Not so the Australian public.

An article in the Sydney Morning Herald, which you can read by placing your computer's cursor over THESE CAPITAL LETTERS using the pointing device with which it is equipped and depressing the selection button once, says that in a poll taken of voters since the election, 13% of them would have voted differently if they had known what the outcome of the election would be.  I have a message for those voters:

DO NOT TRY TO PLAY THE SYSTEM.

It's a difficult concept to get your head around, I know, but voting is an expression of your preferred outcome.  If enough people vote for something, it will happen.  There is no point voting for something that you don't want in order to "send a message".  Somewhat astonishingly, 1 vote out of 15 million sends no message at all, while 2 million votes out of 15 million changes the result.  If you want to send a message, write a postcard.  Sure, it'll cost you maybe a buck fifty.  But at least it won't put us all in the situation we're in now, where Bob Katter is the most powerful man in the country and Bill HendersonHeffernan* is trying to influence the formation of government by making prank phone calls in silly voices.
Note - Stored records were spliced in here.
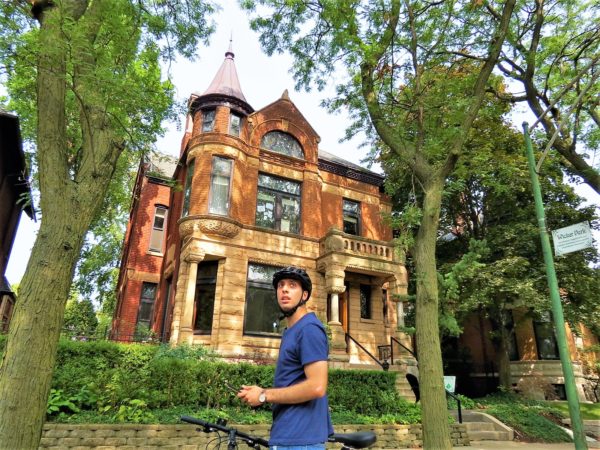 A bike tour rider looking away from the camera with a red brick and sandstone Queen Anne three story home with a cone topped corner turret.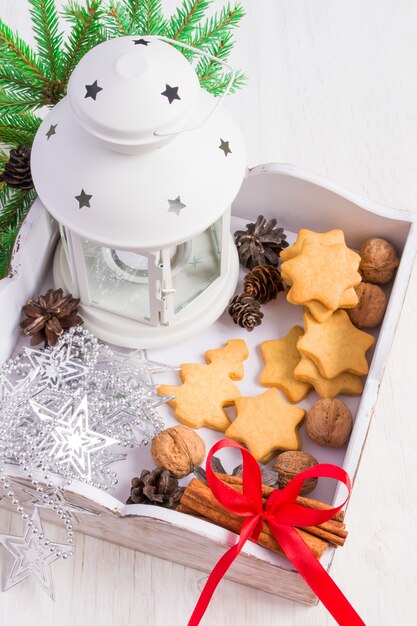 Scatola di legno bianca con biscotti fatti in casa e decorazioni natalizie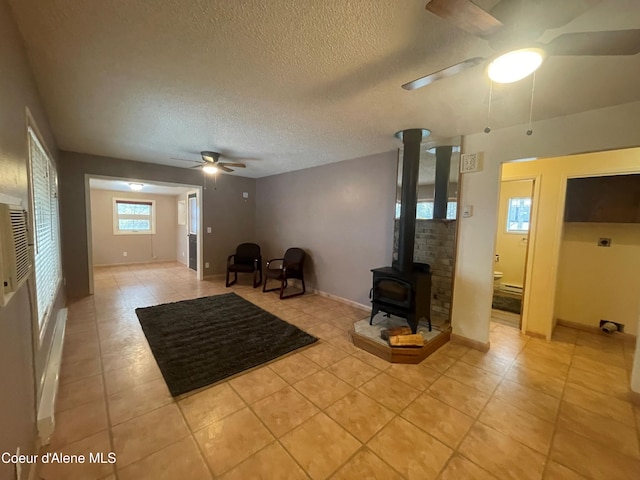 unfurnished living room featuring a wood stove, ceiling fan, light tile patterned floors, and a textured ceiling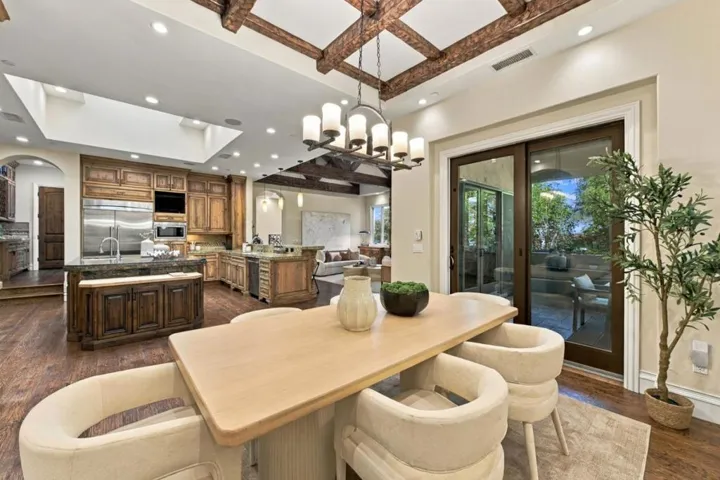 Breakfast nook with wood table and French doors to the patio, Los Gatos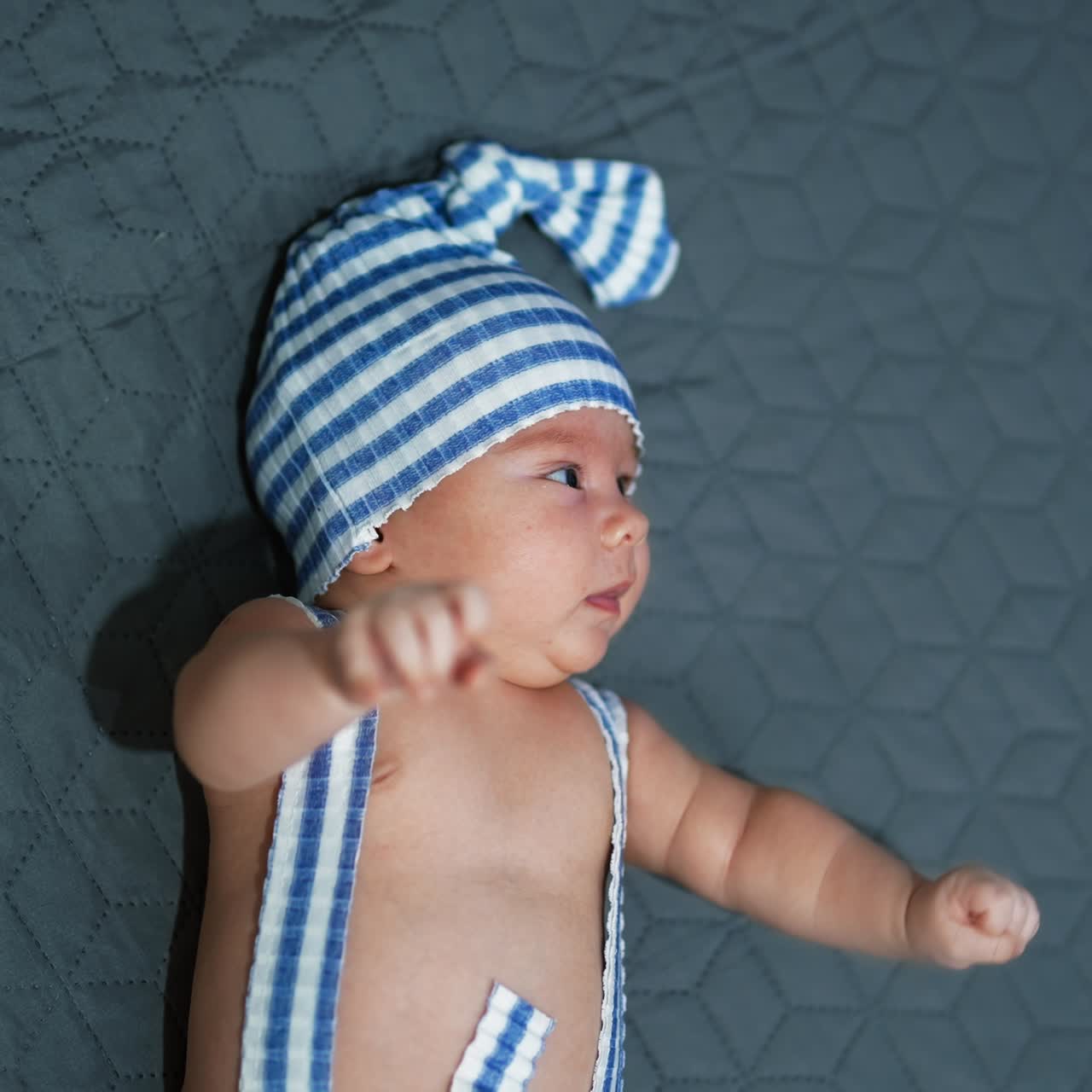 Funny beautiful infant lies on the bed and turns away his head from the camera. Baby on the grey background. View from above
*okay I admit it.  I'm a moron.

6 comments:

Anonymous said...

Wow - that's interesting - 13% is a massive chunk.

What if the 13% were split exactly in half in terms of swapping their primary vote between labour and Lib/Nats? That would mean that a huge chunk had changed their votes, but we'd still be in the same electoral position.

If we did that enough, we'd probably end up with a Time Lord as Prime Minister. (Hey PTR - there's a great quiz question - choose your favourite incarnation of The Doctor!)

Anonymous said...

Vote 1 - Anthony Green for PM.

Anonymous said...

erm, wasn't it Bill Heffernan who was making the phone calls?

PTR said...

Well that's embarrassing. I was about to rubbish you for not reading my post properly. Turns out it's me who can't write properly! I'm going to fix it in the original post so that nobody suspects a thing.

Anonymous said...

PTR,

Did you travel back in time and seduce Anonymous, so that they'd never have time to make that comment? The error has just seamlessly vanished on your blog!

PTR said...

It's hard to say for sure, seeing as they're anonymous and all. But most of my time-travelling seduction has been happening during the Renaissance so I doubt that Anonymous was around then.